WHAT TO WORK ON: All lines from the one containing "Para influencer mungkin" through the end of the data below are to be repeated exactly, with pictures left out.

Collected data entries:
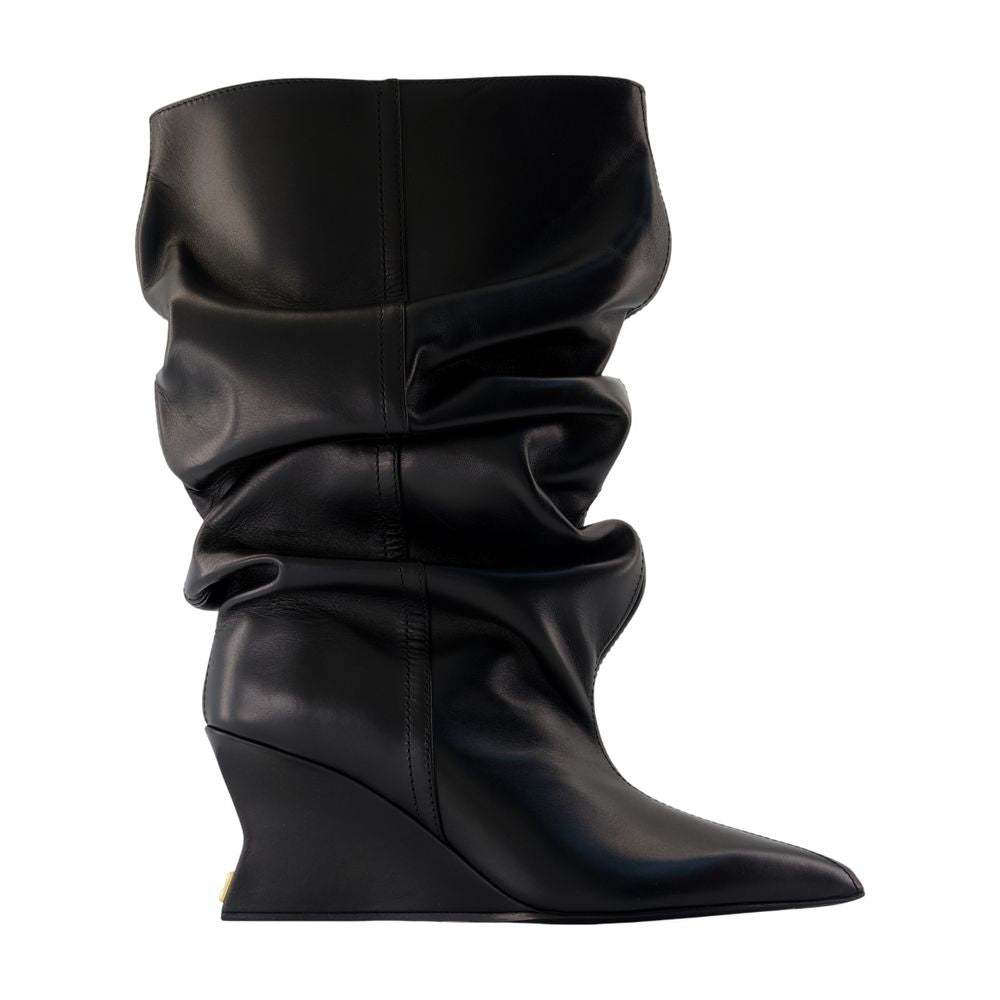 BALMAIN Wedge Ankle Boots for Women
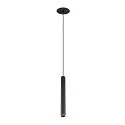 SLV LED Pendelleuchte GRIP! S, 29°, 10W, IP20, dimmbar, 2700K, 590lm, schwarz/gold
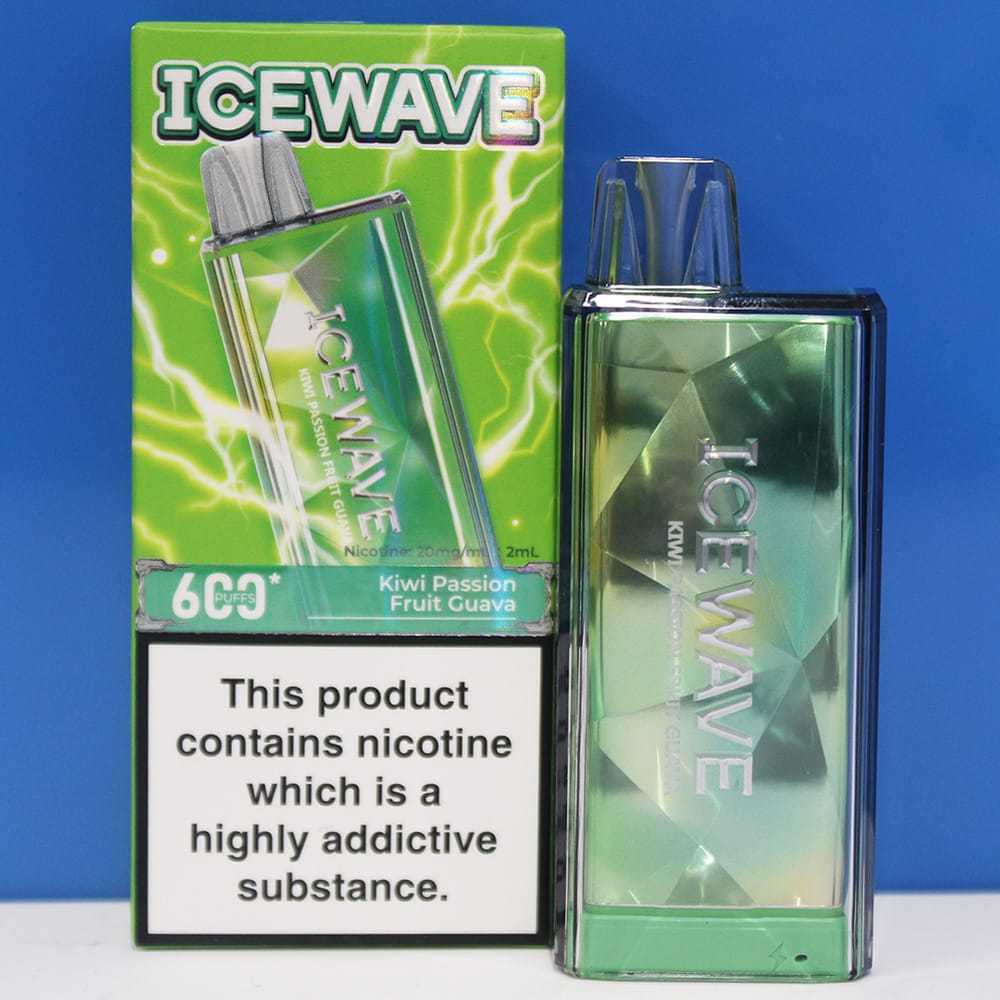 🌈 Kiwi Passionfruit Guava Disposable Vape By Icewave B600 Voopoo
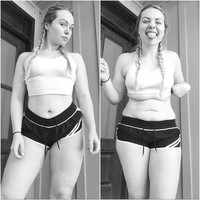 Para influencer mungkin terlihat punya bentuk badan ideal karena perut yang rata. Namun terkadang itu hanya masalah pose saja. Wanita ini membuktikan Foto: Instagram @thewalloffitness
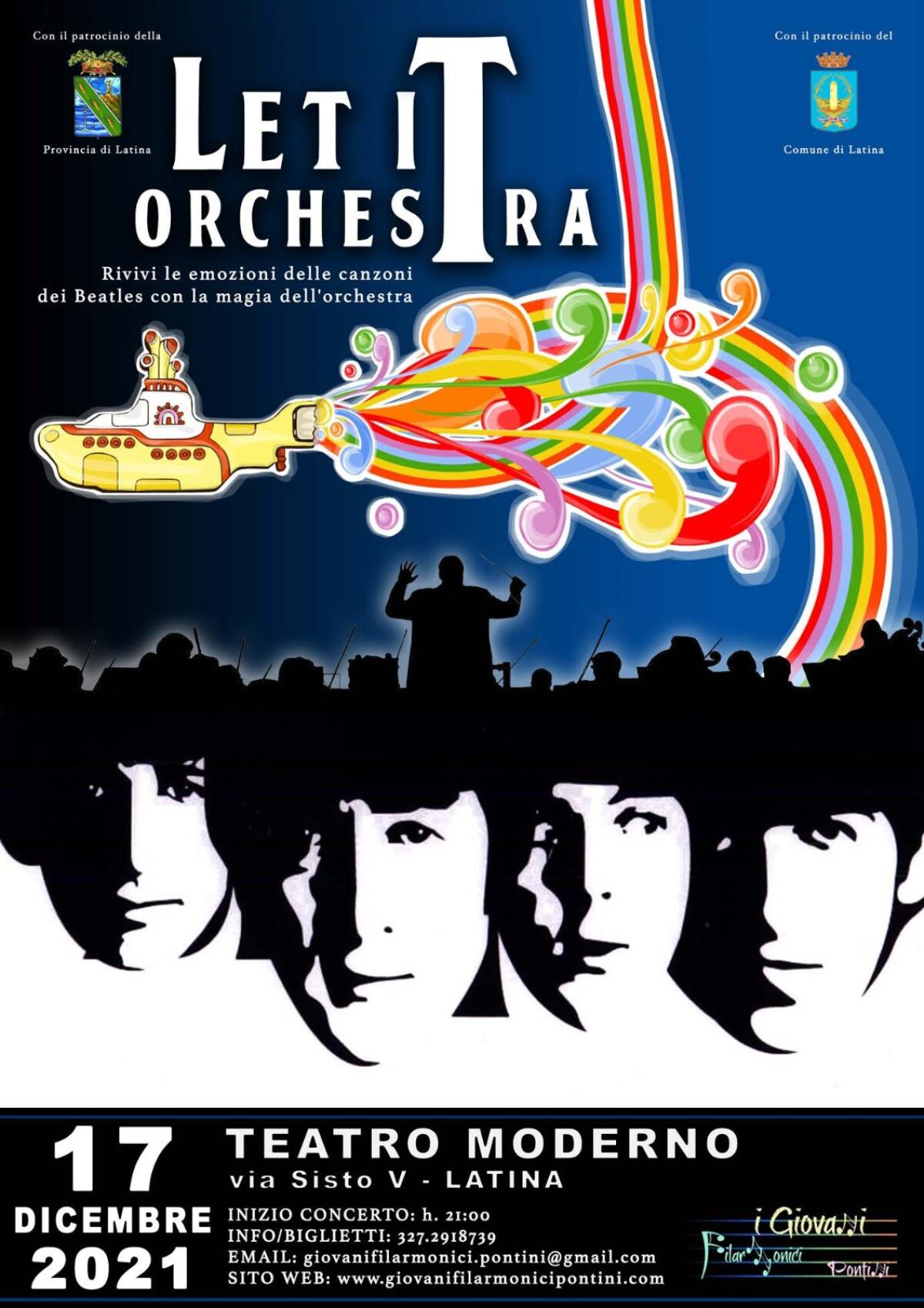 “Let It Orchestra”: i Giovani Filarmonici Pontini questo venerdì suonano i Beatles al Teatro Moderno. - 
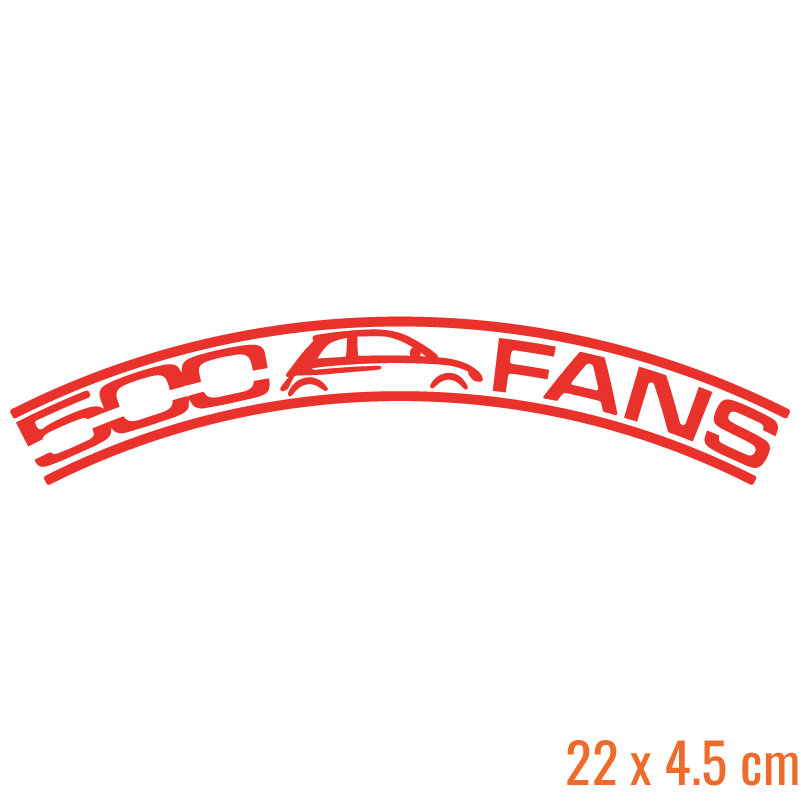 500 Fans Clubsticker (Ruitenwisser)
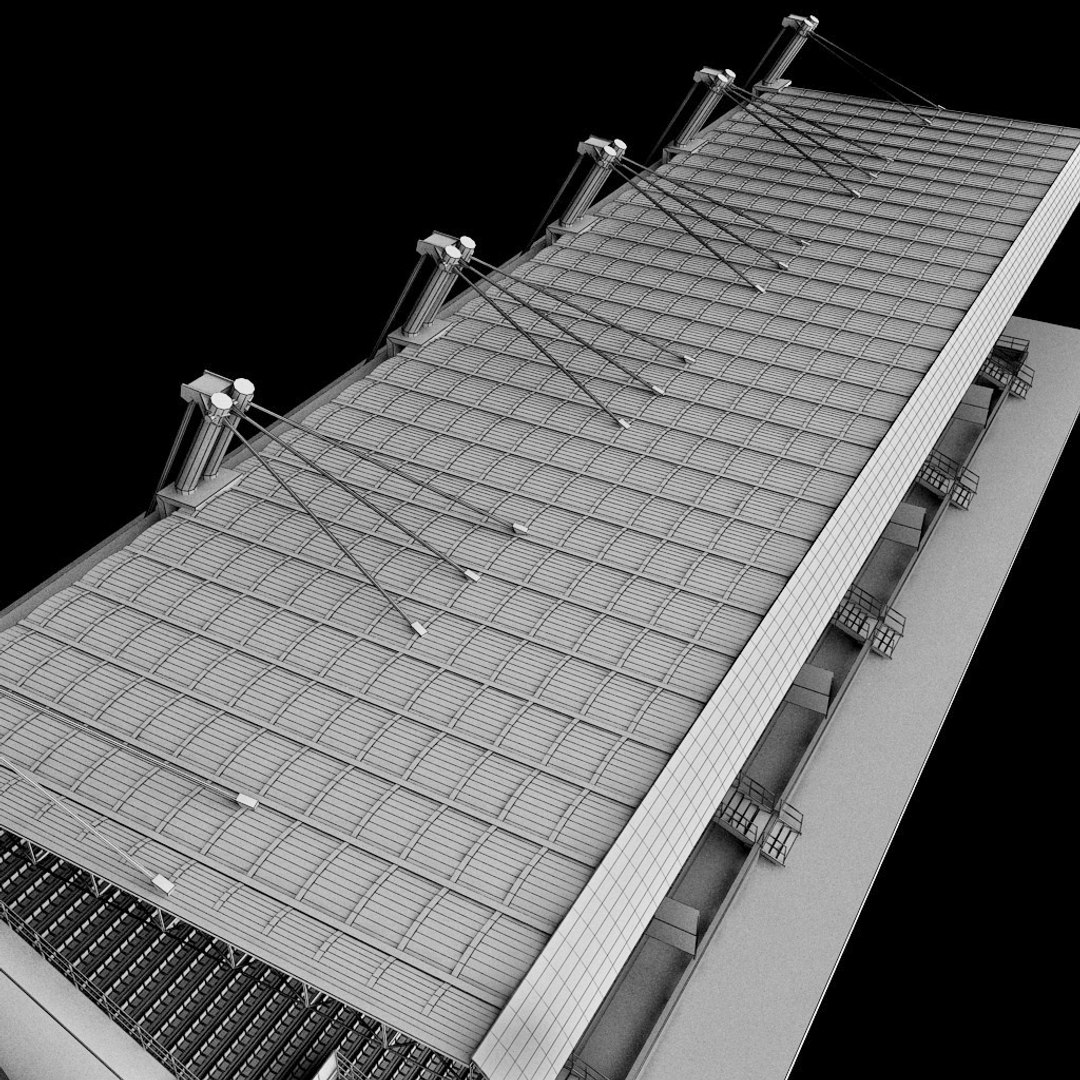 stadium seating tribune 3d model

SOLUTION BELOW:
 Para influencer mungkin terlihat punya bentuk badan ideal karena perut yang rata. Namun terkadang itu hanya masalah pose saja. Wanita ini membuktikan Foto: Instagram @thewalloffitness
 “Let It Orchestra”: i Giovani Filarmonici Pontini questo venerdì suonano i Beatles al Teatro Moderno. - 
 500 Fans Clubsticker (Ruitenwisser)
 stadium seating tribune 3d model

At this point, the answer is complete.